For some, this worked well enough, but for others, it was a constant source of worry. The animal insulin wasn’t exactly the same as human insulin. Even slight differences in amino acid sequences could cause some patients to have immune reactions, such as itching, swelling, rashes, and in more serious cases, anaphylaxis; a severe and potentially life-threatening allergic reaction.
To make matters worse, over time, the body could start producing antibodies against the foreign insulin, making it less effective. For those patients, every shot was a bit of a gamble of keeping them alive, or making things worse.1
This essay is based largely on the book Genentech: The Beginnings of Biotech by Sally Smith Hughes, which tells a story of how Genentech(pronounced JEN-en-tek) produced human insulin at scale to treat people with type 1 diabetes.
But this isn’t just about insulin. It’s a story of how biology became something we could engineer.
Recombinant DNA: A Scientific Breakthrough
To solve the insulin problem, there had to be a scientific breakthrough. That path opened up in the early 1970s when two scientists, Herbert Boyer and Stanley Cohen, pioneered a method for combining DNA from different organisms to create new genetic sequences.
Although they were both exploring how DNA could be exchanged and recombined between different organisms, their focus areas were different, and it's fascinating how their work complemented each other to invent what's known as recombinant DNA today.
Herbert Boyer and Restriction Enzymes
Herbert Boyer’s journey into scientific discovery started off in an unexpected way. After getting turned down by medical school, he decided to dive into graduate studies in bacterial genetics, and that detour ended up being important.
While doing his postdoc at Yale, Boyer really got into studying genetic exchange in bacteria. He became particularly intrigued by restriction enzymes, which cut DNA at specific spots.
These restriction enzymes are naturally found in bacterial cells. Bacteria use them to chop up foreign virus DNA, which helps stop the virus from multiplying inside the bacteria.
Back in the 1960s, scientists were just starting to realize that different restriction enzymes cut DNA at unique and predictable sites. Boyer was fascinated by how precise and powerful these enzymes could be.
Eventually, his lab managed to isolate a specific restriction enzyme called EcoRI, which would go on to become widely used. This enzyme cuts DNA consistently at a certain location, as shown below.2
Boyer’s work on restriction enzymes was great for cutting DNA accurately, but it needed something else to achieve genetic exchange and recombination: a way to carry and replicate foreign DNA inside cells. That’s where Stanley Cohen stepped in.
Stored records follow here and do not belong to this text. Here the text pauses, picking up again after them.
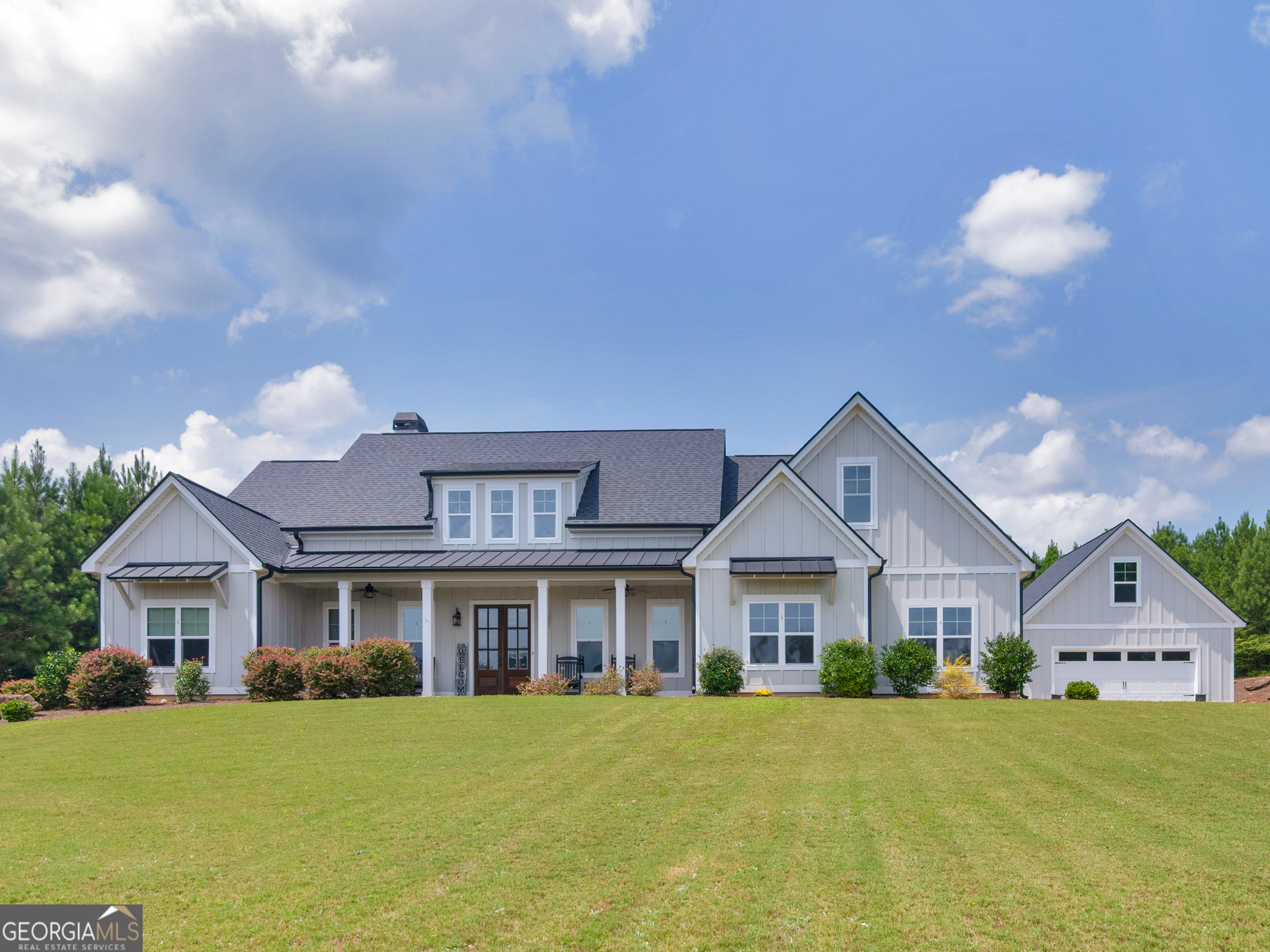a front view of a house with a yard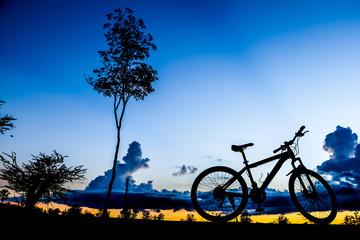 Fototapeta premium Silhouette of bicycle at the lake at sunset time in summer.
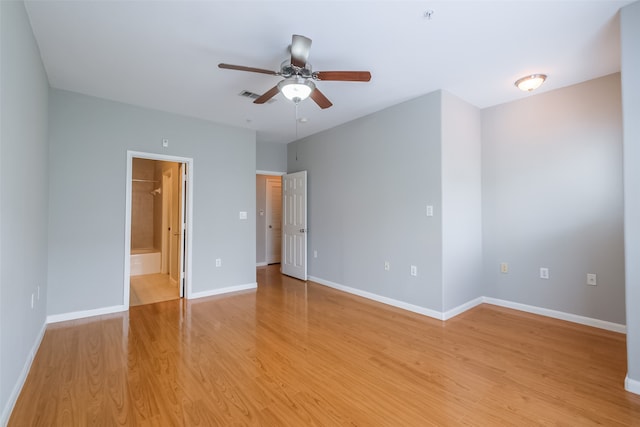 unfurnished room with light hardwood / wood-style floors and ceiling fan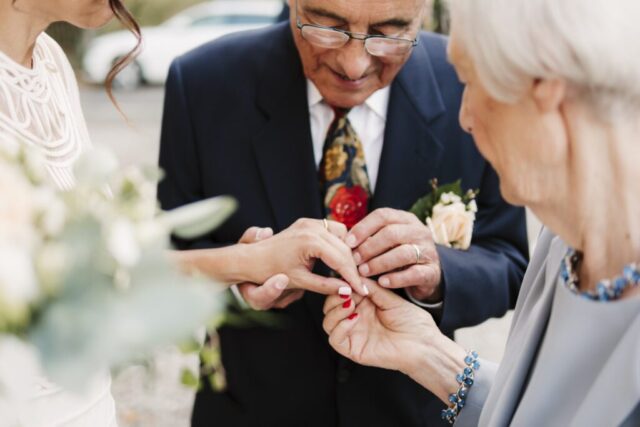 Lo sguardo dei genitori della sposa che guardano ammirati l'anello al dito della figlia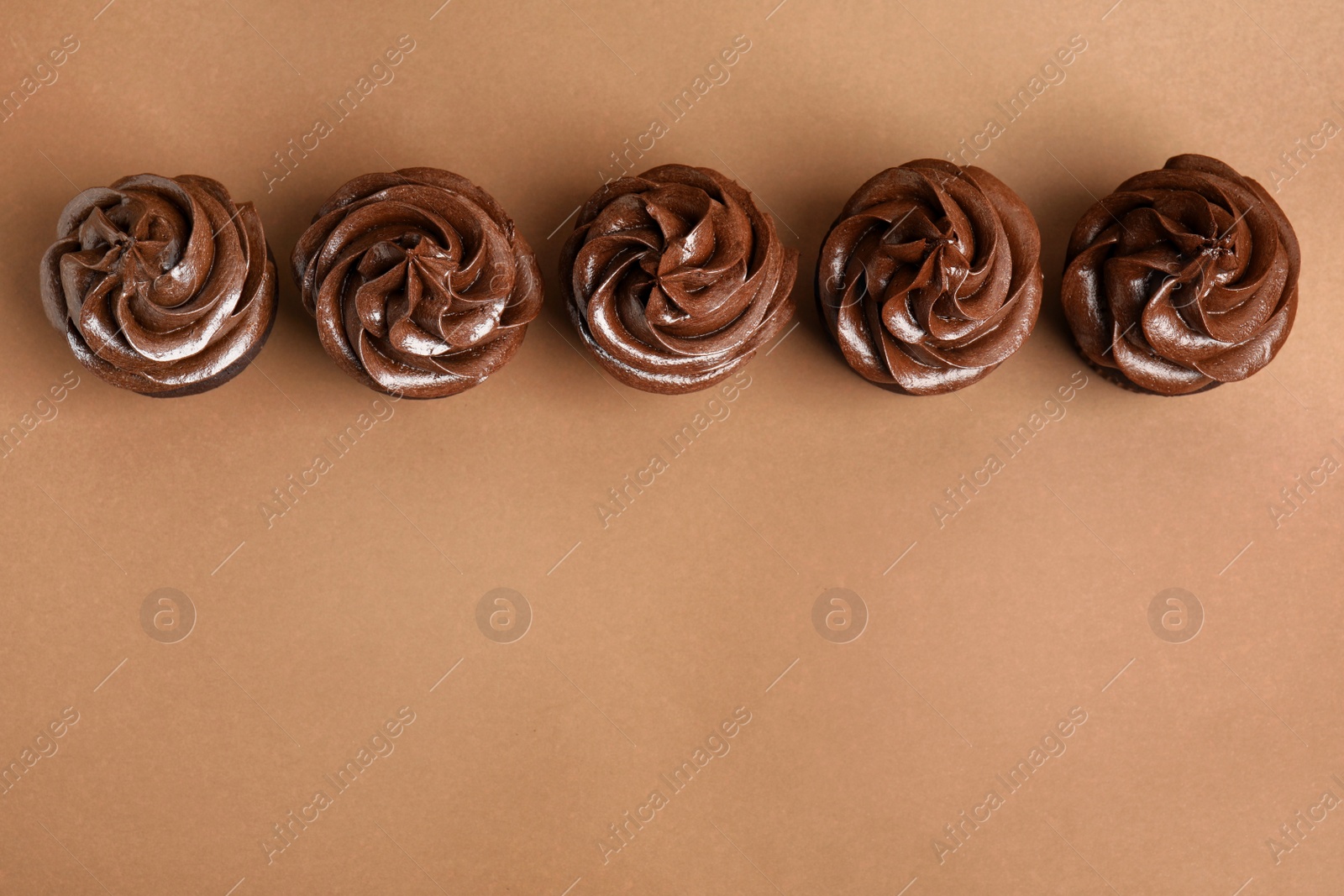 Photo of Delicious chocolate cupcakes with cream on brown background, flat lay. Space for text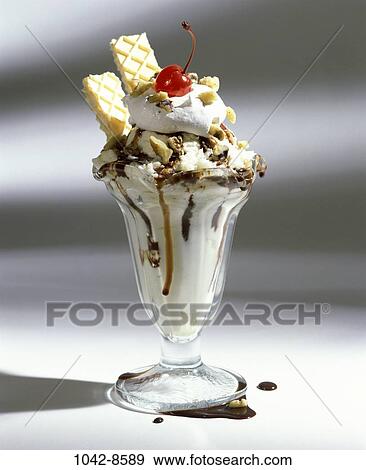 Stock Photo - glass, cherry, ice cream, sundae, food, dairy, indulgence. Fotosearch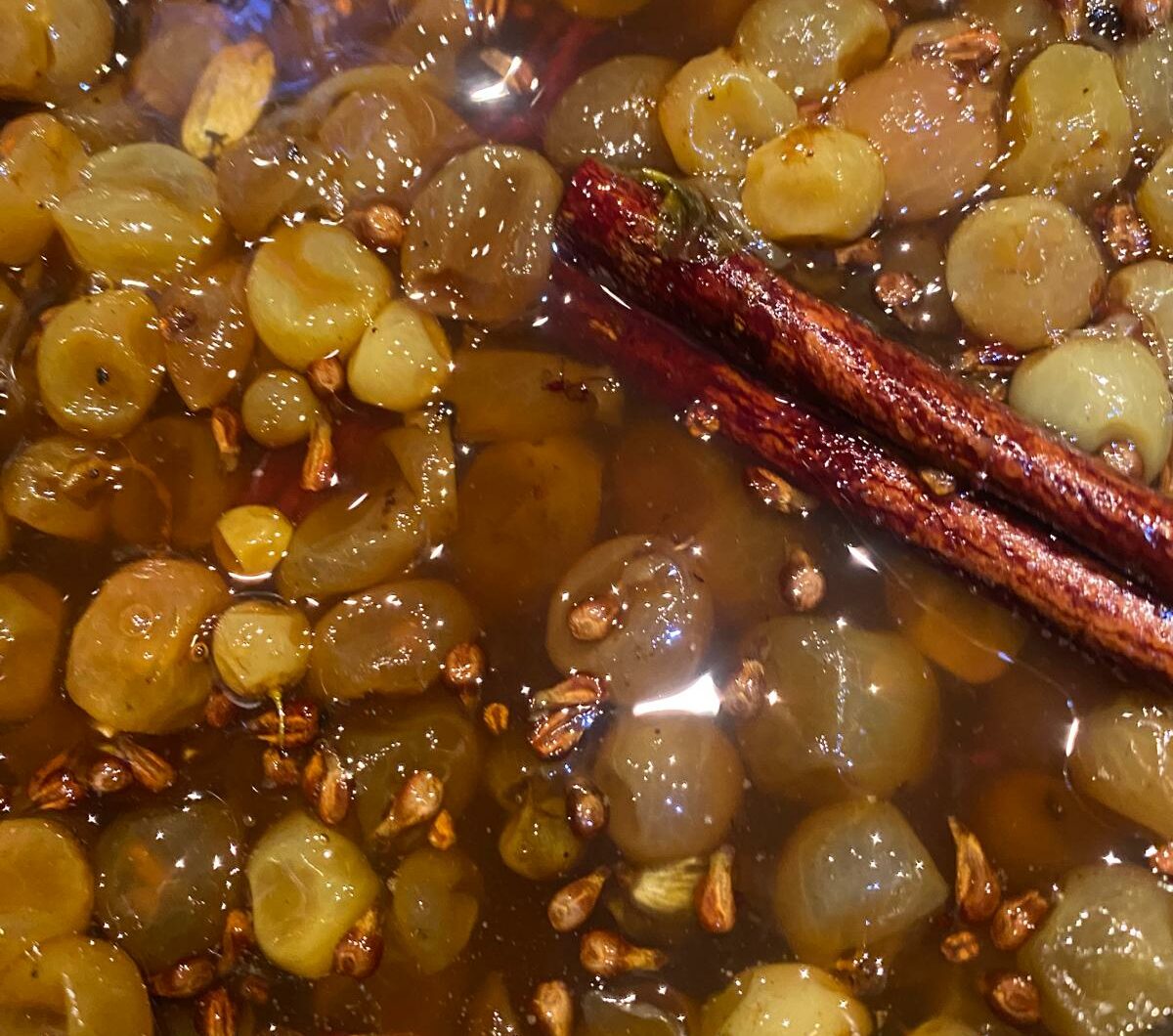 Grapes reduced in cardamom, cinnamon and cane sugar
Stanley Cohen and Plasmids
Stanley Cohen took a more traditional path into the scientific field. After getting his medical degree, he jumped into molecular biology during his postdoctoral work and eventually focused on plasmids.3
Plasmids are these little loops of DNA found in bacteria that can give them some pretty cool abilities, like resisting certain antibiotics or using unique food sources.
You can think of plasmids as tiny bonus instruction booklets inside bacteria. They’re separate from the main instructions, which are in the chromosomal DNA. While chromosomal DNA can have millions or even billions of bases, plasmids usually only have a few thousand at most.
Thanks to their small size, circular shape, and ability to replicate independently of the bacterial chromosome, plasmids are stable and easy to manipulate.
By the early 1970s, Cohen figured out a way to isolate plasmid DNA from bacterial cells. He would break it into pieces and then put those pieces back into the bacteria to test if it could be used for genetic recombination.
But his method was unfortunately pretty slow and inefficient; the DNA ended up getting fragmented randomly, and it was tough for the bacteria to take it up.
Still, he published numerous papers on plasmids and was recognized as a leader in the field. In 1972, Cohen began organizing a conference on plasmid research, eager to explore better methods for manipulating plasmid DNA.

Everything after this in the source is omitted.